Task directions:
Produce a word-for-word copy of the listing below without its pictures.
+ + + + +
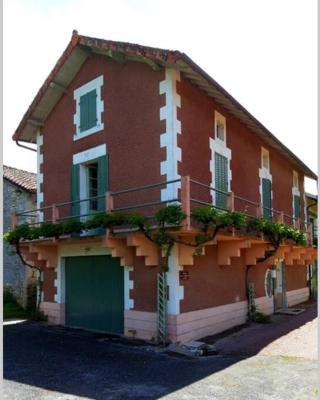 Maison de location saisonnière en Périgord Vert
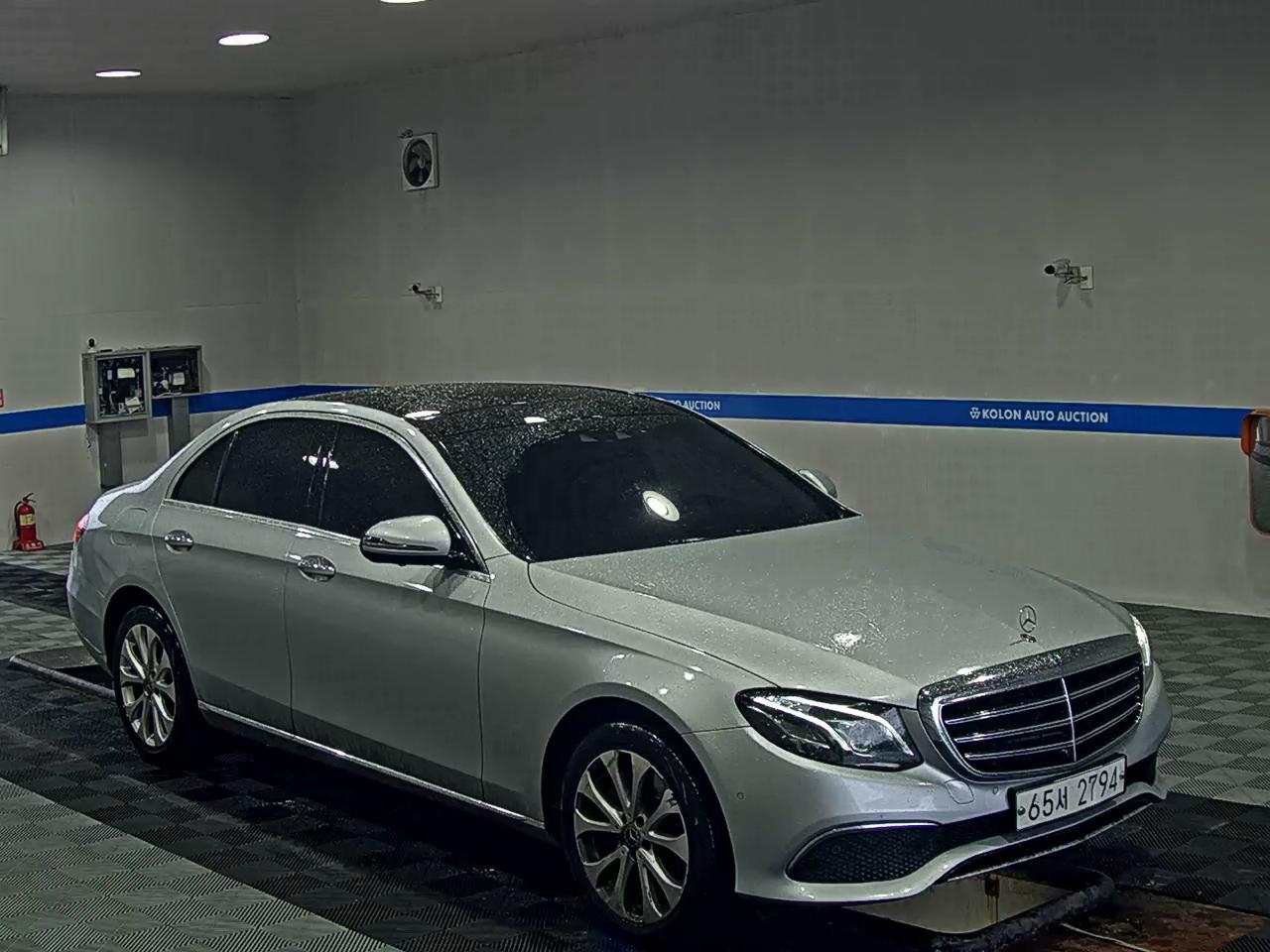 مرسيدس بنز E Class (5Th Gen) E300 فورماتيك إكسكلوسيف 2019 4MATIC إكسكلوسيف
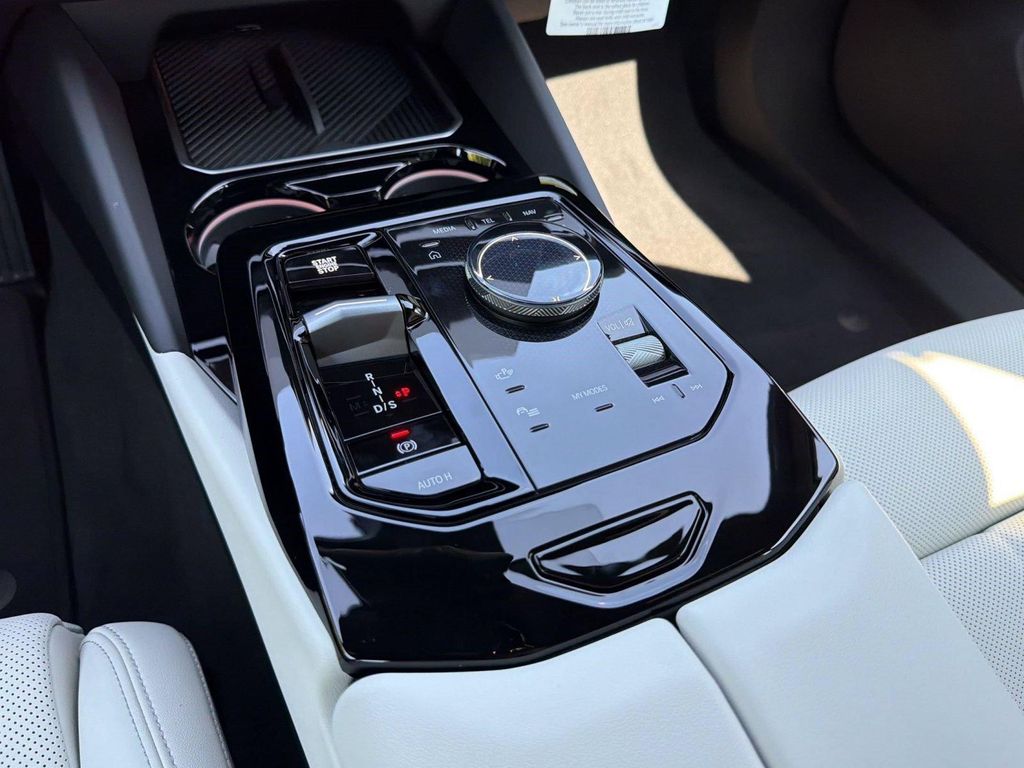 صورة مصغرة 17 لـ 2027 BMW 530 I XDRIVE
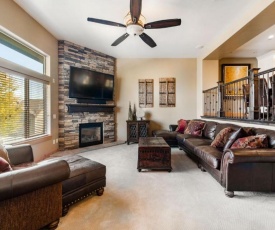 Ski Haven Elegant Spacious Townhome w Private Hot Tub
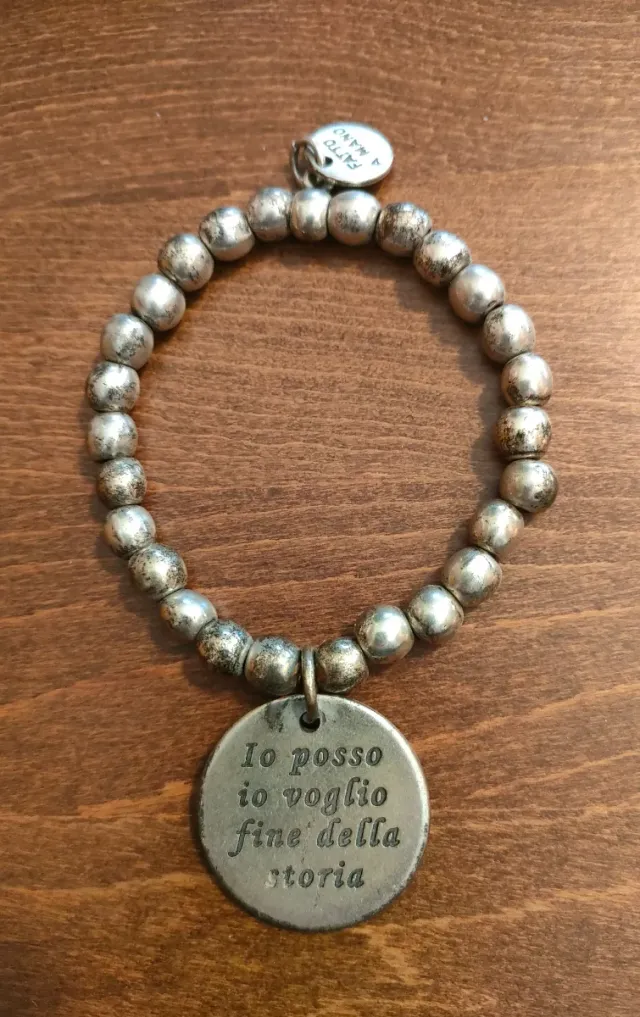 Braccialetto con ciondolo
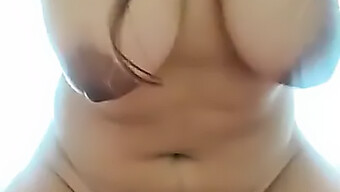 대학생 18+ 라틴 여성이 꽉 끼는 엉덩이를 따먹혀서 오르가즘을 느낍니다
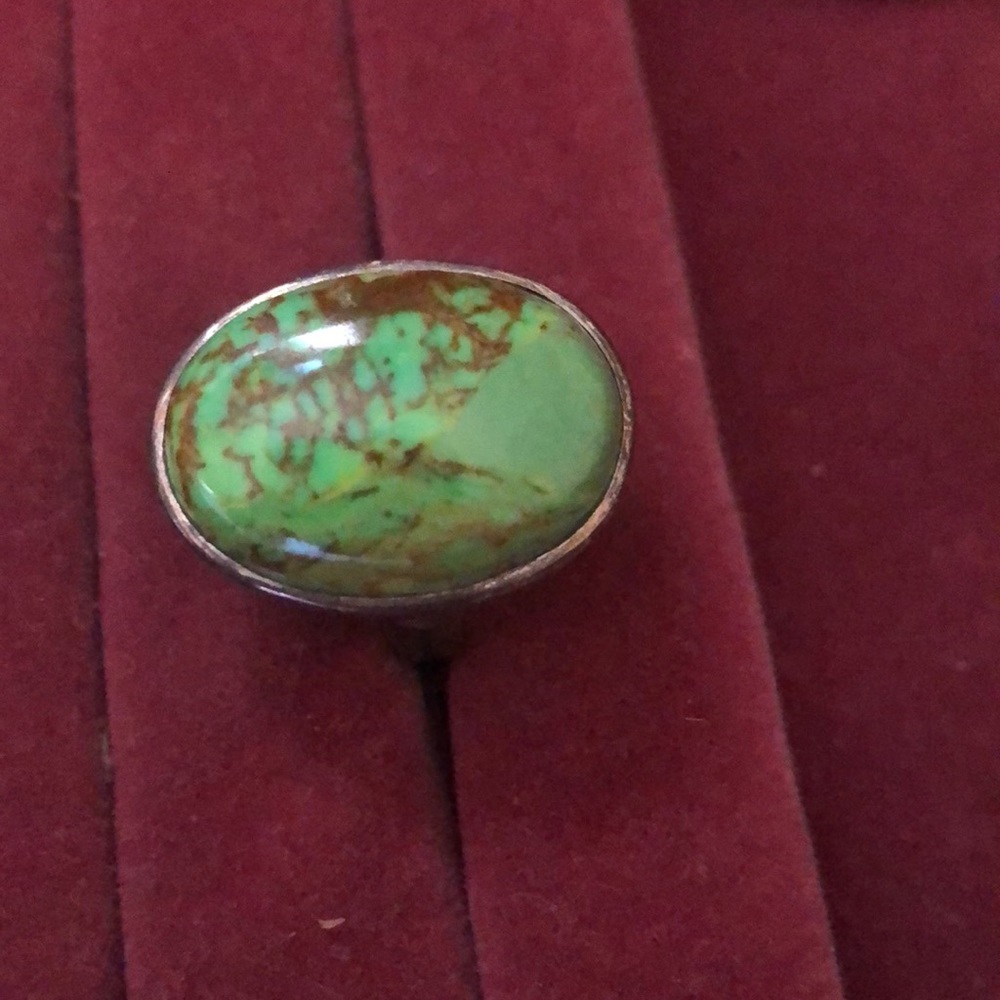 Green stone ring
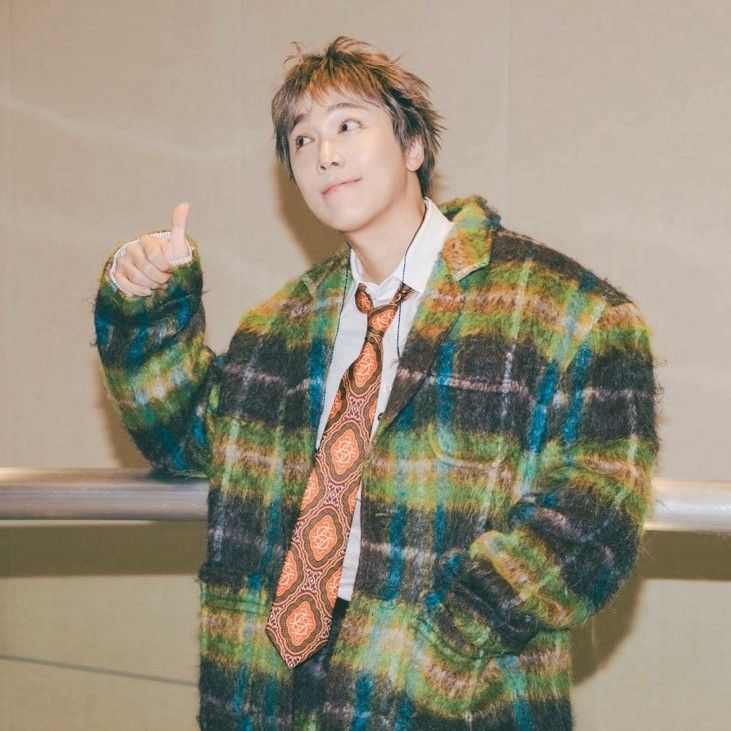 A moment captured by Lee Honggi (FTIsland)'s fan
+ + + + +
Exercise solution:
 Maison de location saisonnière en Périgord Vert
 مرسيدس بنز E Class (5Th Gen) E300 فورماتيك إكسكلوسيف 2019 4MATIC إكسكلوسيف
 صورة مصغرة 17 لـ 2027 BMW 530 I XDRIVE
 Ski Haven Elegant Spacious Townhome w Private Hot Tub
 Braccialetto con ciondolo
 대학생 18+ 라틴 여성이 꽉 끼는 엉덩이를 따먹혀서 오르가즘을 느낍니다
 Green stone ring
 A moment captured by Lee Honggi (FTIsland)'s fan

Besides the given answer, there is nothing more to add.